Повторюсь: соотношение между купленными и разработанными своими силами технологиями должно быть разумным. Что значит «разумным» – каждая конкретная компания в каждом конкретном случае определяет сама. Здесь нет единого рецепта. Например, есть идея построить ряд заводов-гринфилдов. Ключевой вопрос: какая доля технологий у этих современнейших компаний будет своей, и какой она будет через 5-10 лет их существования? Один знаменитый производитель вертолетов сказал как-то на эту тему: «Я с удовольствием практически всё производство вертолета отдам на аутсорсинг, но у этого продукта есть всего две вещи, которые, собственно, и делают его вертолетом – это редуктор с автоматом перекоса и лопасти, а вот их производство я никогда никому не отдам». Иными словами, он никому не отдаст свой бизнес строительства вертолетов. Не стоит рассчитывать, что и те, кто по 50-100 лет занимается производством станков, кому-то передадут свой бизнес.

Нам нужна общая программа поддержки машиностроения, и во всем мире давно известно, как это эффективно делать. Надо просто адаптировать мировой опыт к нашей специфике. В числе инструментов поддержки – и финансирование экспозиций наших производителей на престижных выставках, и развитие индустриальных парков, и многое другое.

– Здесь спору нет, надо поддерживать. Споры ведутся о том, уместны ли в качестве инструмента поддержки запретительные меры. Например, известное постановление правительства России от 07.02.2011 №56 и вышедшее ему на смену постановление от 24.12.2013 №1224, в соответствии с которыми устанавливаются запреты и ограничения на закупку иностранных товаров для компаний ОПК при наличии их отечественных аналогов. 

– Эта мера защиты применяется во всех странах: граждане любой страны исходят из того, что их налоги должны идти на создание в своей стране рабочих мест – для них и их детей.
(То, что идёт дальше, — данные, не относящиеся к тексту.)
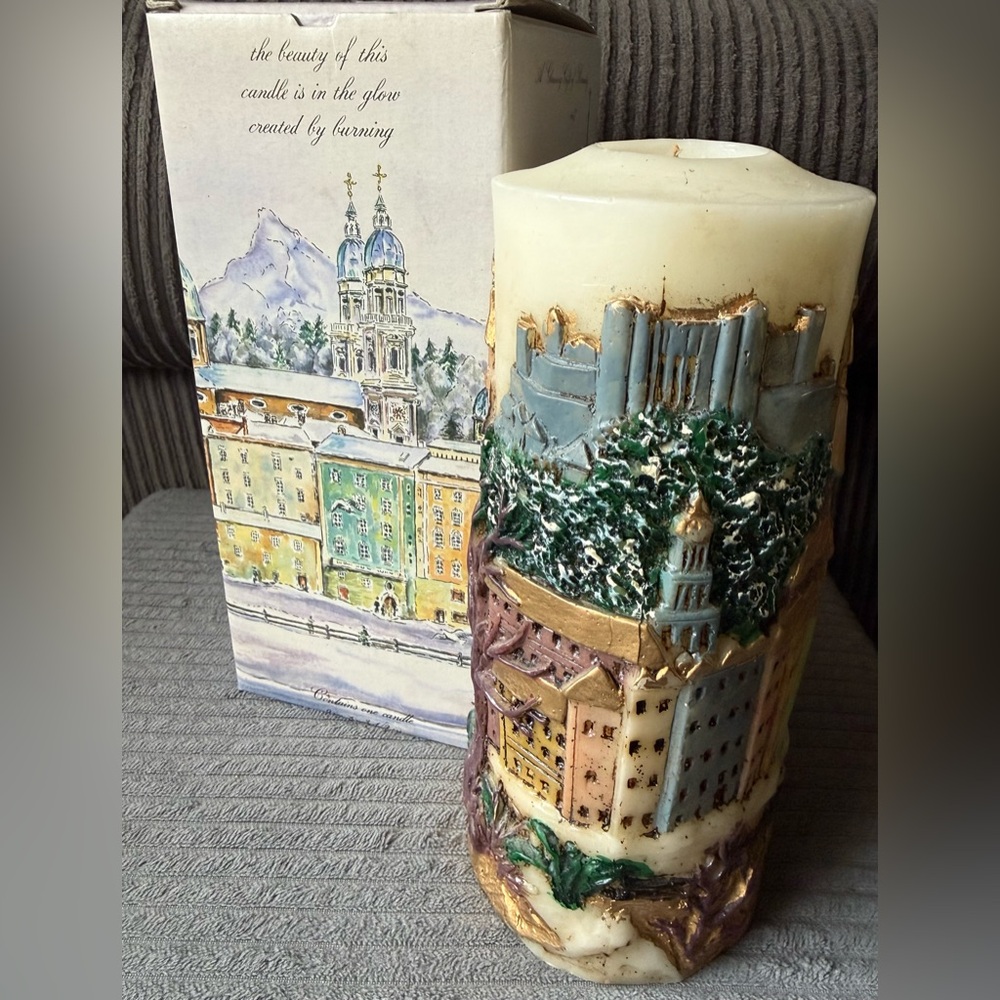 New VTG Large Cityscape Candle Church Town City Made Austria Handcrafted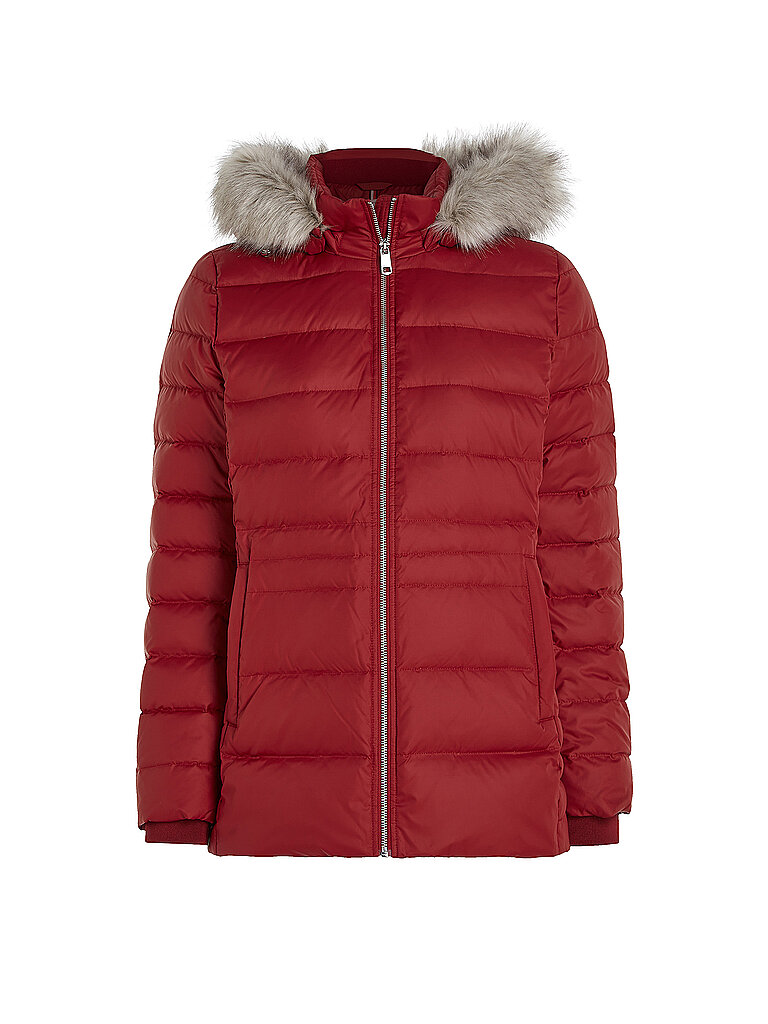 TOMMY HILFIGER Daunensteppjacke dunkelrot | XS von Tommy Hilfiger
И везде, как только речь заходит о трате денег налогоплательщиков, правительства осознают значимость этого политического компонента. Поэтому везде применяются схожие подходы, смысл которых: если есть хоть малейшая возможность покупать за счет бюджета тот или иной продукт у своих производителей, необходимо это делать. И у нас правительство хочет, чтобы средства налогоплательщиков для модернизации ОПК были использованы дважды: во-первых, чтобы за счет них отечественная оборонка получила современные изделия, во-вторых, чтобы на эти деньги были созданы новые высокотехнологичные рабочие места для тех же налогоплательщиков. 

– Но многие эксперты утверждают, что эти меры на самом деле не стимулируют модернизационные процессы, а напротив, ведут к консервации отставания, из-за того, что таким протекционистским образом предприятия оберегаются от конкурентной рыночной борьбы.
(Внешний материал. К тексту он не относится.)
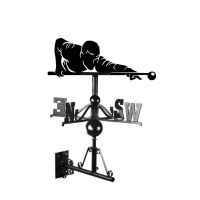Mounted Cast Iron & Steel Snooker Player Weathervane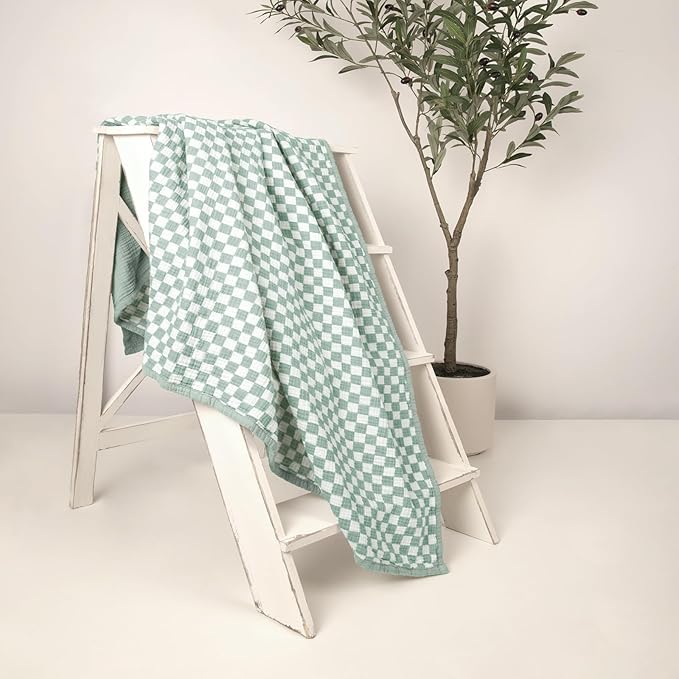 lulumoon Checkered Baby Blankets for Boys: Muslin Cotton Toddler Blanket for Daycare - Soft Lightweight for Nursery Stroller 47"× 47"（Sage Checkered）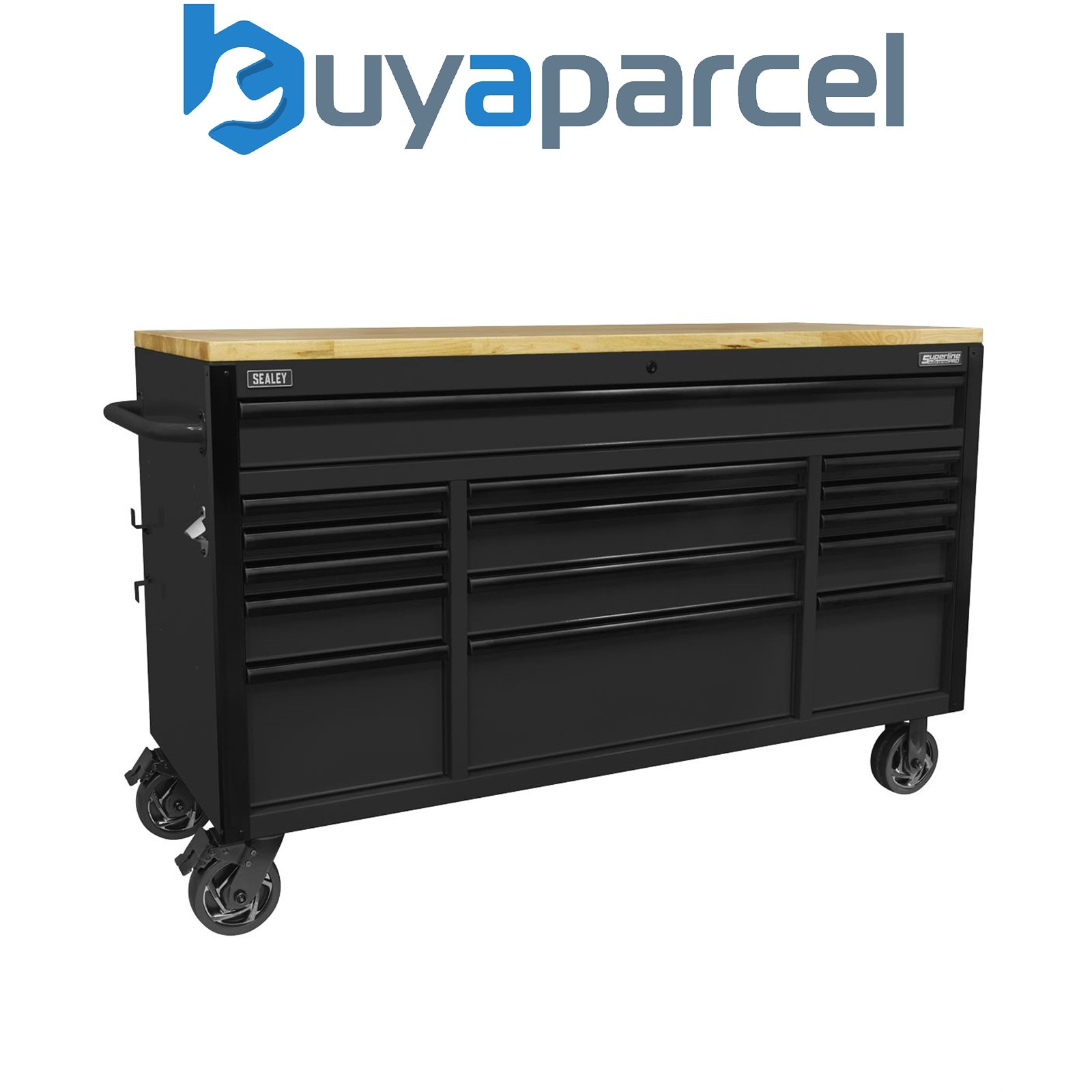 Sealey AP6215BE Superline PRO Black Edition Mobile Trolley with Wooden Worktop 1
– Давайте обратимся к мировой практике. Можете ли вы представить, чтобы президент США использовал в качестве борта №1 самолет, изготовленный, к примеру, во Франции? Согласитесь, это маловероятно. Потому что это вопрос государственной политики, вопрос доверия населения. Не так давно правительство США было вынуждено закупить в России 20 вертолетов для использования в Афганистане. После этого вся деловая и политическая Америка, что называется, стояла на ушах. Правительству стоило немалых сил убедить свою элиту, что в данном случае это – единственно возможное решение. Наш президент потому и пользуется такой поддержкой населения, что защищает интересы отечественных производителей.

Другое дело – эти протекционистские меры непременно должны сочетаться с жестким спросом с отечественных производителей за конкурентоспособность их изделий. Надо прямо признать: у нас на протяжении длительного времени с машиностроителей и в частности станкостроителей спрашивали недостаточно жестко. Но теперь эта ситуация меняется. Производителей такой подход дисциплинирует – они переходят на новые стандарты обработки и хранения информации, внедряют программы цифрового проектирования и обработки данных. Еще один дисциплинирующий фактор – взыскательный спрос потребителей продукции станкостроительной отрасли, а это в данном случае – наши первоклассные корпорации. Если они не могут выпускать на отечественных станках продукцию высокого качества, значит, эти станки не могут считаться аналогами импортных. И эти аргументы вынуждена признавать соответствующая комиссия при Минпромторге, рассматривающая заявки госкорпораций на поставки импортного оборудования, и давать добро на ввоз импорта. Это честные правила игры.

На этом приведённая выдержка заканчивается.